= Gabba Gabba Hey =

Catchphrase associated with the punk rock band the Ramones

"Gabba Gabba Hey" is a catchphrase associated with the American punk rock band the Ramones. The phrase is included in the song "Pinhead" (1977), which contains the lyrics: "Gabba gabba, we accept you, we accept you, one of us." The song ends with: "Gabba gabba hey, gabba gabba hey!..."

== History ==
The phrase comes from a scene in the 1932 motion picture Freaks, in which the title characters chant the line "Gooble, gobble, we accept her, we accept her, one of us, one of us!" The Ramones saw Freaks at an art house cinema on a rare day off when an outdoor event they were to perform at was canceled due to bad weather.
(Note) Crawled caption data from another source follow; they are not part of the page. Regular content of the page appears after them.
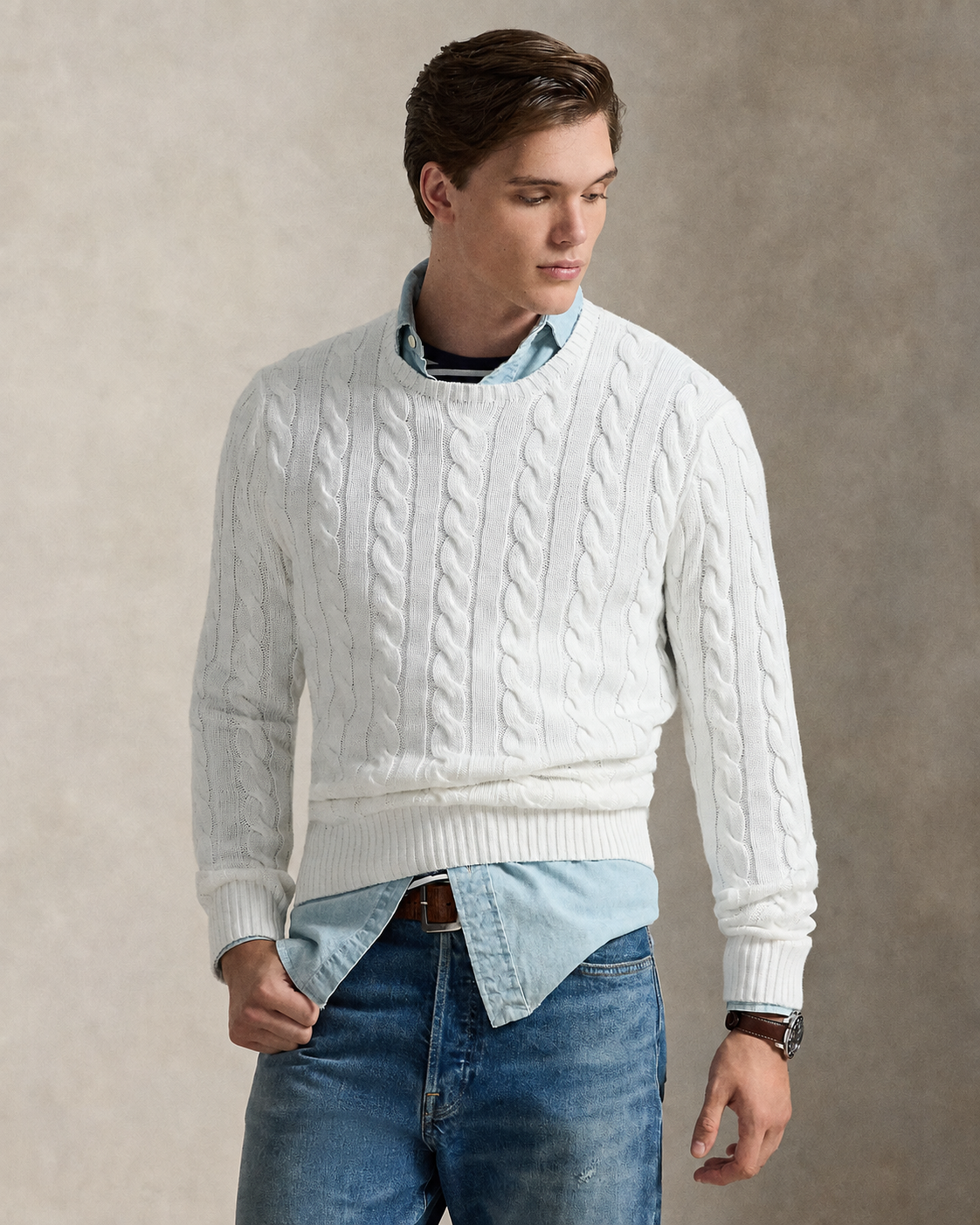 Cable-Knit Cotton Sweater - White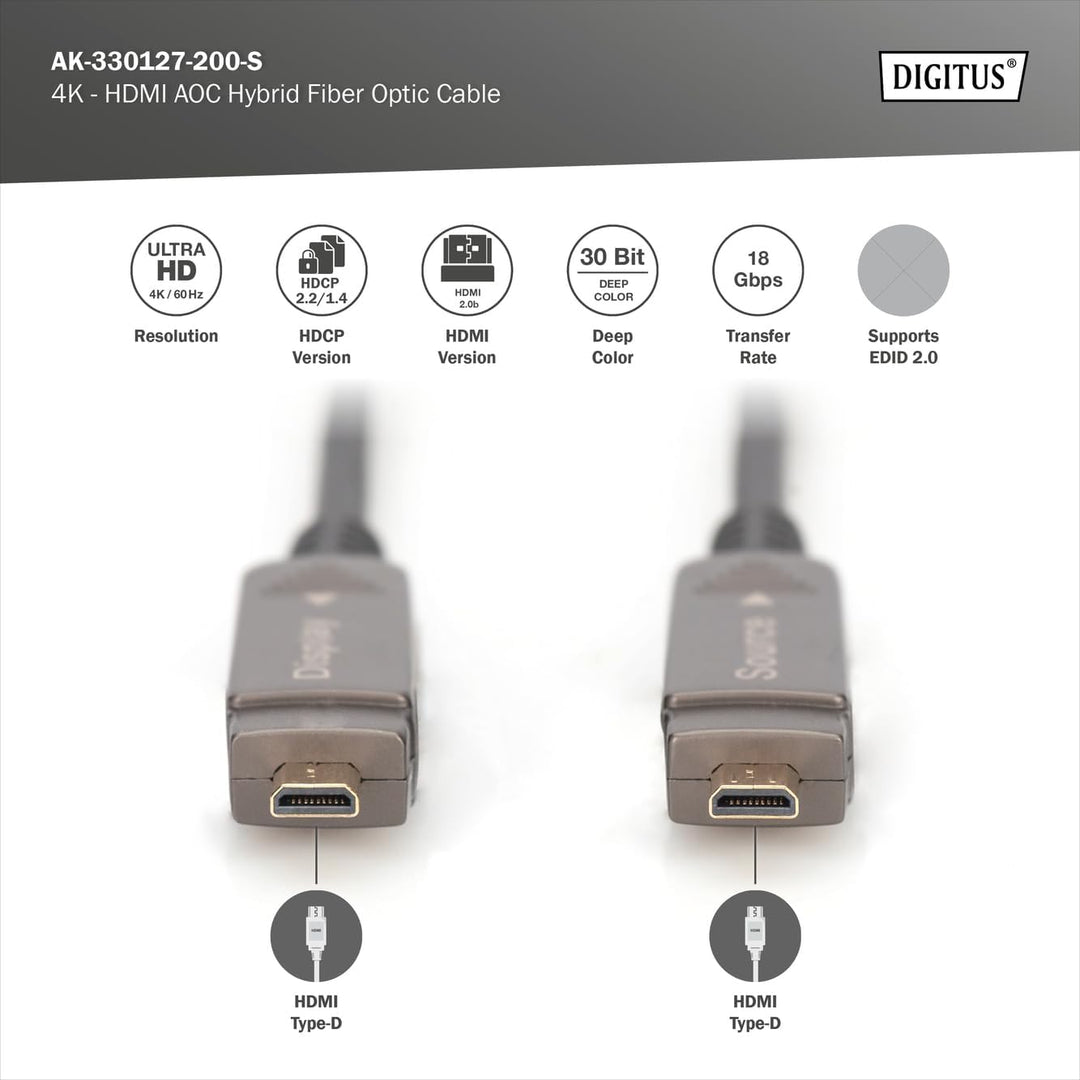 DIGITUS Glasfaser HDMI-Kabel – 20 m – UHD 4k 60Hz – abnehmbare Stecker, 20 m
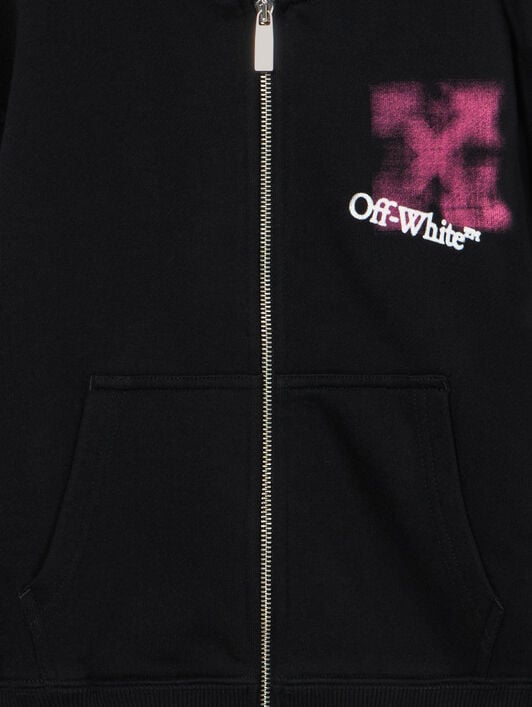 Arrow Spray Hoodie Zip Up OFF WHITE Arrow Spray Hoodie Zip Up BLACK - FUCHSIA OGBE001F25FLE001
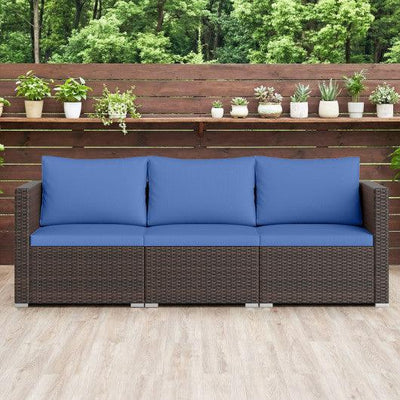 3 Pieces Outdoor Sectional Sofa Set with Soft Cushions-Navy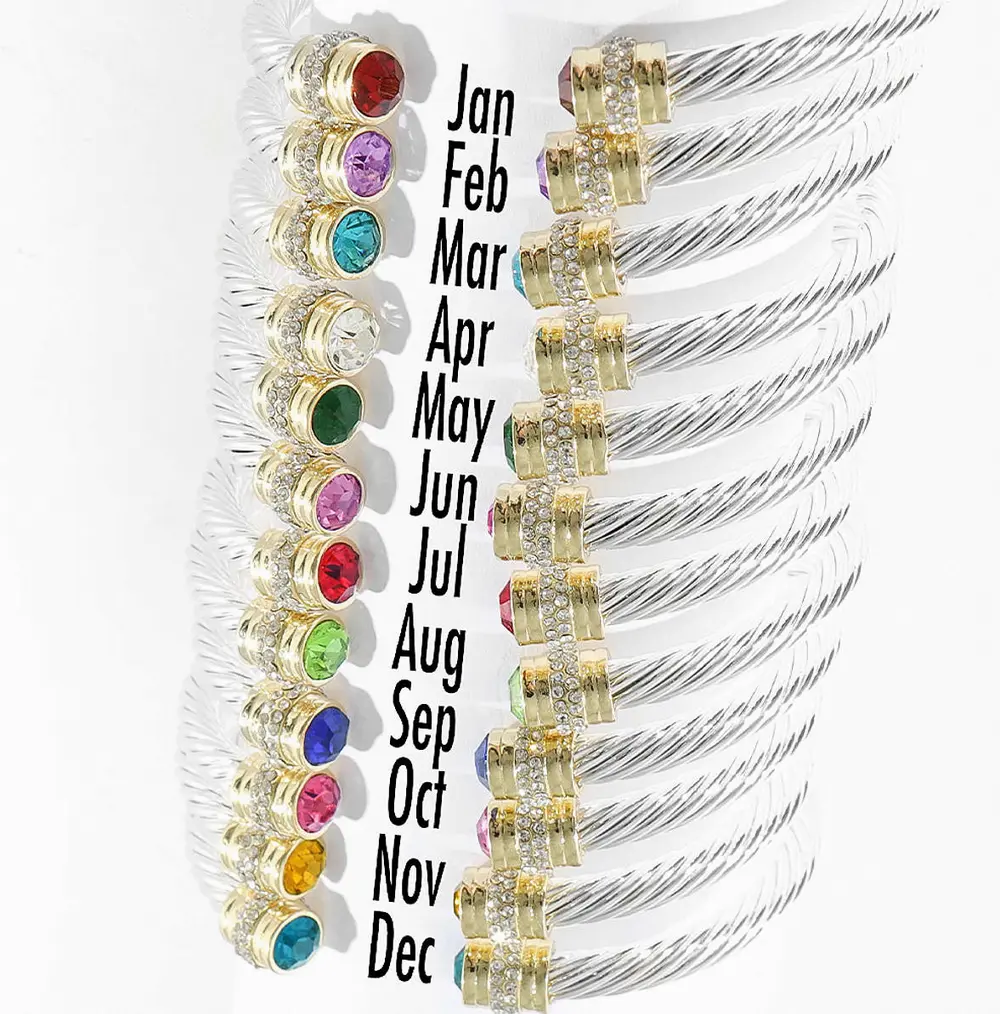 Monogrammed Birthstone Cable Bracelet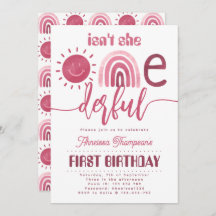 Onederful Pink Rainbow Sunshine Virtuele verjaarda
One of Freaks main characters is a microcephalic, or "pinhead", named Schlitzie.

In Allan Arkush's film, Rock 'n' Roll High School, during a Ramones concert at The Roxy, a character in a Schlitzie mask appears on stage carrying a large sign with the phrase "Gabba Gabba Hey". Afterwards, the band wanted to relive the experience, and a roadie, usually Mitch "Bubbles" Keller, would appear on stage in a Pinhead mask, hand the sign to Joey Ramone, and perform a dance on stage, colloquially referred to as the "jerk dance". In later years, Keller updated the "Pinhead" with a brightly colored, mismatched, polka-dotted dress sewn together for him by an employee of the Ritz.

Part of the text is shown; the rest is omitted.